Wednesday, October 15, 2008

Just a little vent.

As Garrett's first birthday comes around, Todd and I have been talking a lot about baby #3. He really wants to have another one. I'm freaked out by the thought of having 3 kids under the age of 3. But my biggest concern is my weight. The last time I weighed this much, I was pregnant. I'm still almost 20 pounds heaver that I was when I got pregnant with the boys.

I broke down to Todd yesterday. Pretty much melted. As much as I want to complete our family and please my husband... I can't do it right now. I told him about the pressure that I was feeling from him. Being pregnant when you're overweight is HARD. Yes, I've had two c-sections, but delivery is hard, too. The epidural and spinal block hurt to begin with. Combine that with being so fat that they can't even tell where they're putting the needle and have to keep trying for thirty minutes and it's hell.

With my last pregnancy, my blood pressure kept climbing. All my labs came back negative for pre-eclampsia, but they couldn't get my blood pressure down. They ended up taking Garrett over 2 weeks early.

I can't do it again.

But then comes the spacing issue. Saying that our boys are close, is an understatement. We will probably only be able to have one more because of the c-section issue. If we wait until I lose ALL the weight I want to lose, #3 could be three years (maybe more) younger than Garrett. I know that's not a huge gap, but it seems big to me.

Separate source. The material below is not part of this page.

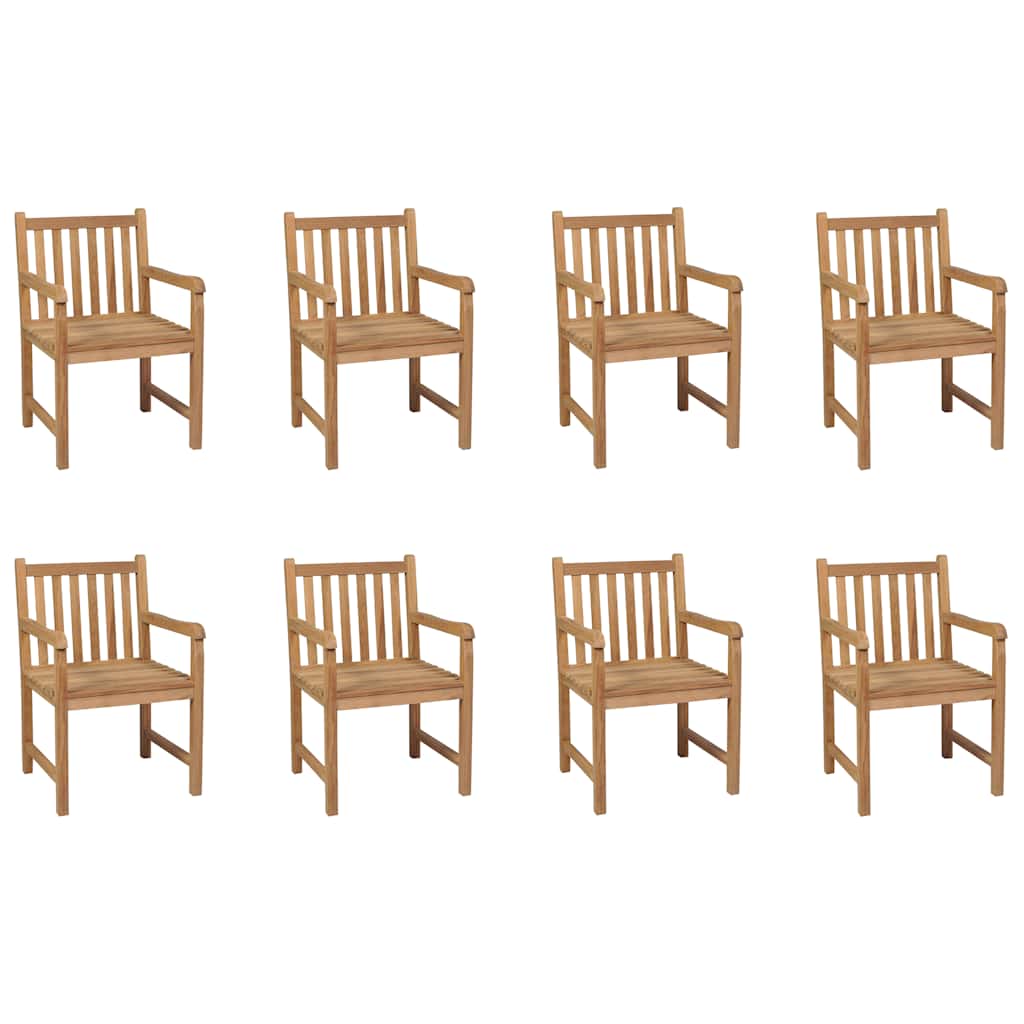 vidaXL Garden Chairs 4 pcs Solid Teak Wood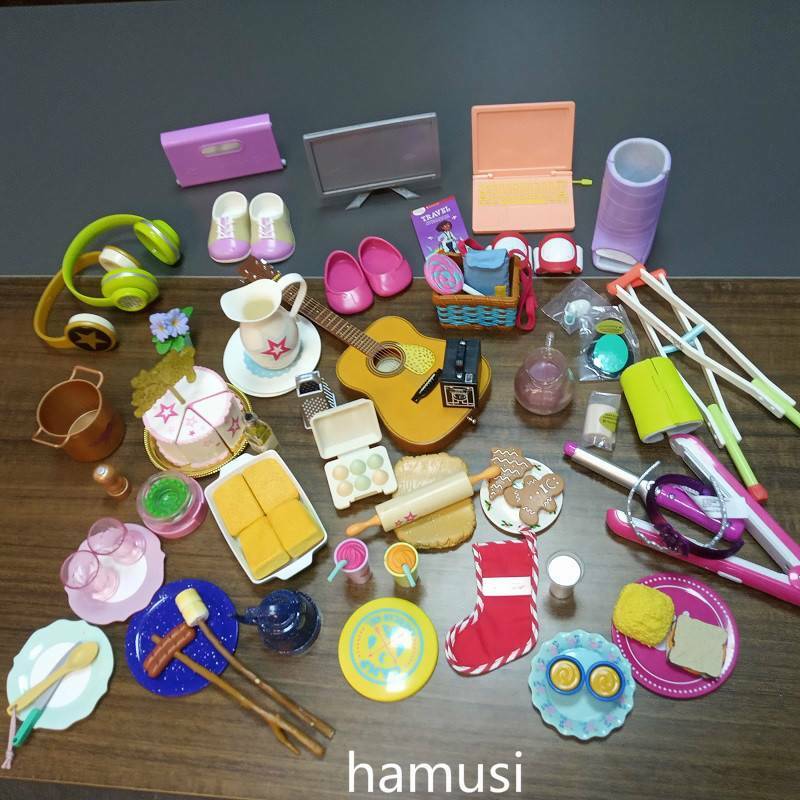 Bundle 18” American Girl Doll Kitchen Food & Dress Outfits Accessory Kids Toys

I'm really torn. I have no idea what to do. I totally hate myself right now.

2 comments:

stewbert said...

Oh, Katie, I'm so sorry! I know how much it sucks to be big and pregnant, although I did get to miss out on the C-section part of things. And spacing kids farther apart is a tough choice -- I have an only child and so does hubby. We don't want another "only" child, but I can't be pregnant again any time soon either. So I totally get how you're feeling, even if I have no words of advice to give. HUGS!!!

Anonymous said...

3 years really isn't that big of a gap. If it helps, the sibling just older than me is 3 years older and we are extremely close. I'm a firm believer in you doing things for YOU not because you feel outside pressure to do so.